Ces plis seront mon paysage pendant de nombreuses semaines. Je devrais rencontrer des montagnes, le Mont Kenya (5199 mètres), le Mont Kilimandjaro (5895 mètres). Je roulerai au bord d’immenses fosses remplies d’eau, les Grands lacs tels le Tanganyika.
Aujourd’hui, la bicyclette s’égaie de cette nouvelle ambiance, curieuse de chaque paysage que lui cache malicieusement chacune des collines.
Réveil à flanc de montagne
La veille au soir, le campement avait été dressé sur les flancs de la montagne.
L’air est frais. On se sent pur.
De légers cours d’eau dégringolent les pentes, petits préludes au Nil. Chacun vient puiser dans ces ruisseaux, hommes, chèvres et vaches. J’en profite pour me raser.
L’ascension vers Aykel
Le col est long, la montée lente. Des flux d’enfants montent ou descendent, ceux qui ont revêtu leurs plus beaux habits pour se rendre à l’école ou ceux du même âge dont le destin est d’accompagner les troupeaux.
Une fine pluie d’altitude enveloppe d’un voile de fraîcheur le rythme de la montée.

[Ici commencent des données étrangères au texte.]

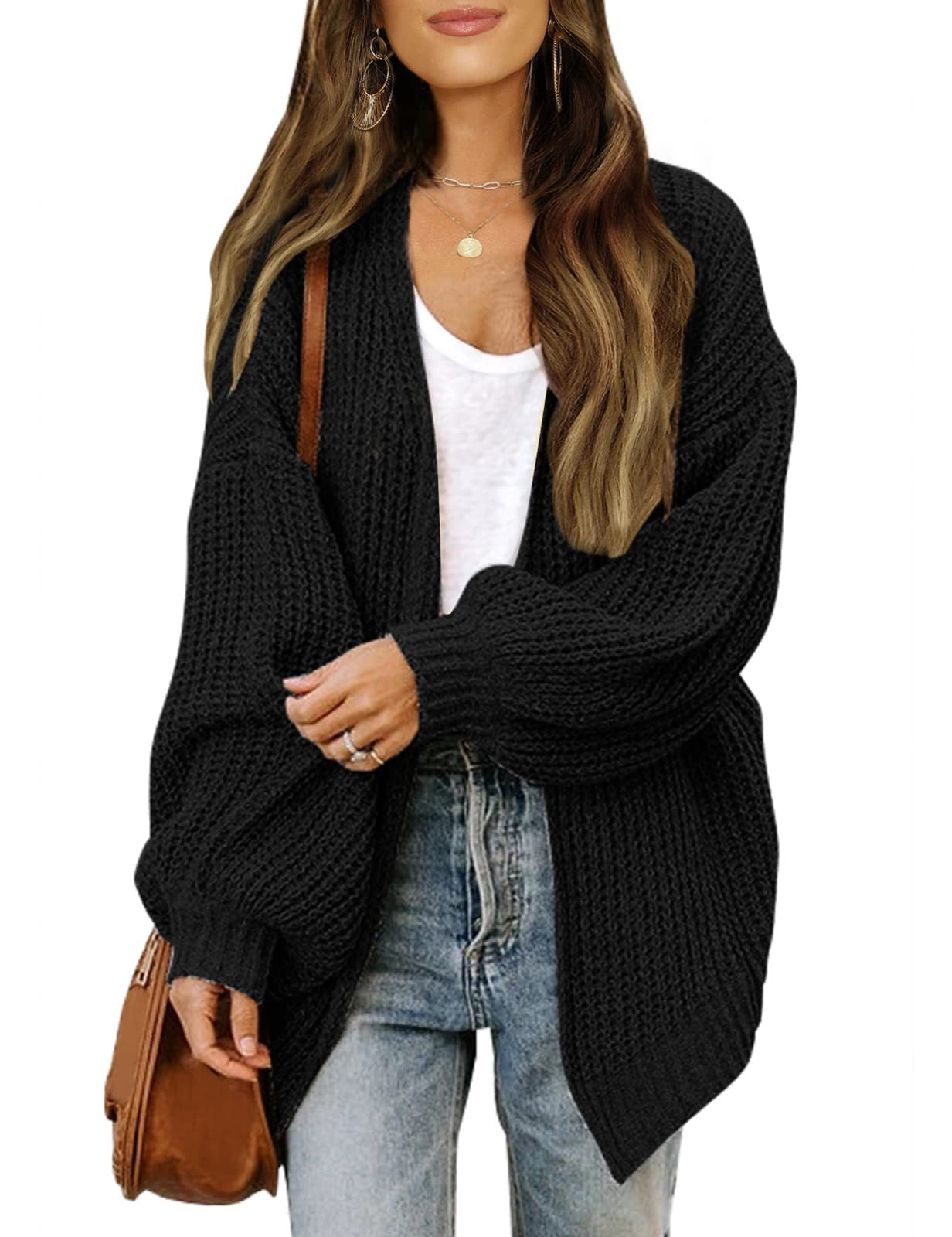 Women's balloon sleeve open-front cardigan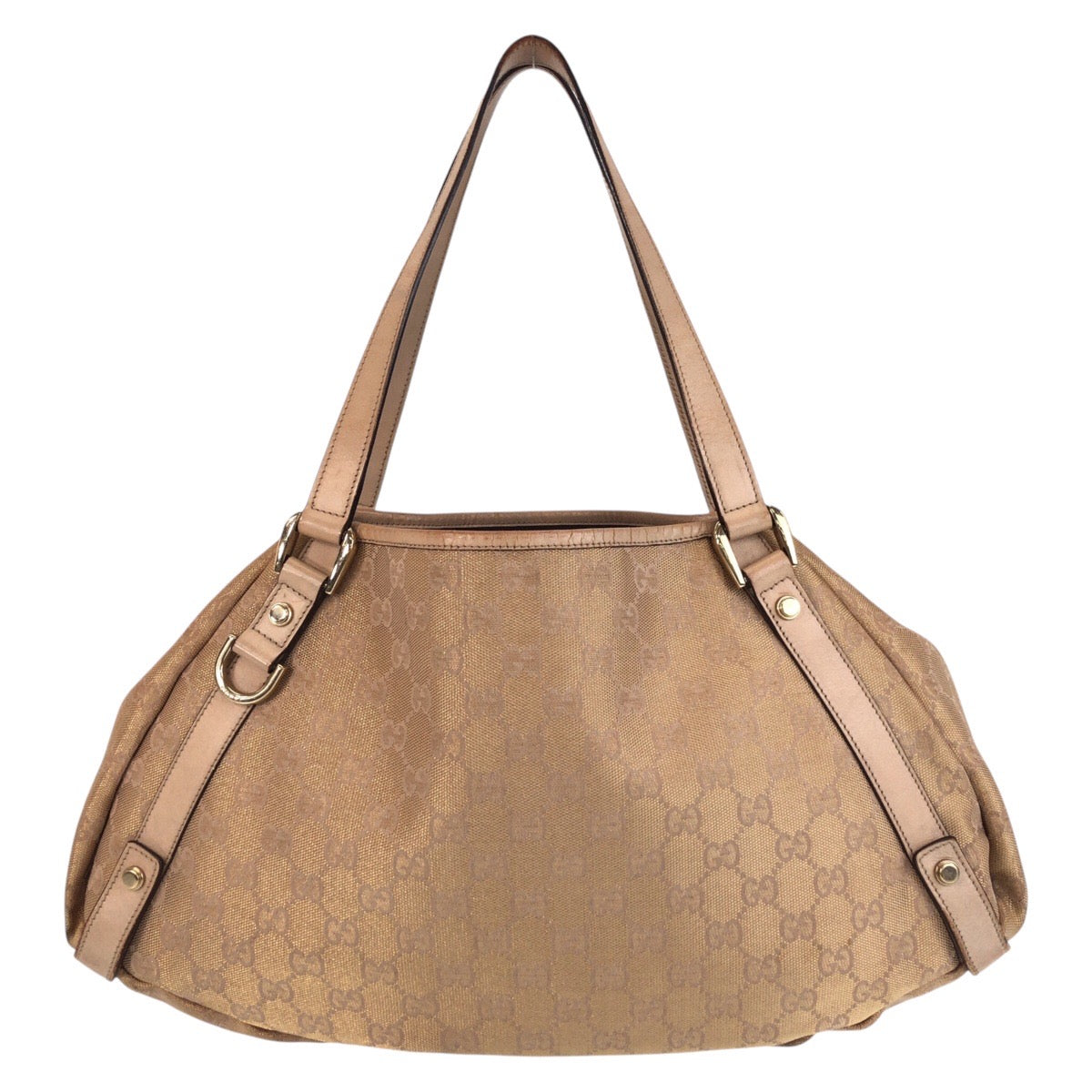 15610
GUCCI グッチ アビー ベージュ ゴールド金具 GGキャンバス / レザー 130736 トートバッグ ショルダーバッグ  レディース AB25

Mon corps chante. Les vastes étendues qui m’entourent sont découpées de tous les verts sortis de la Terre. Les verts sauvages des herbes folles, les verts des champs des hommes, les taches plus sombres des arbres ombrageux. Frêle et mouillé sur ma bicyclette, je grimpe en dansant dans les variations de cette couleur.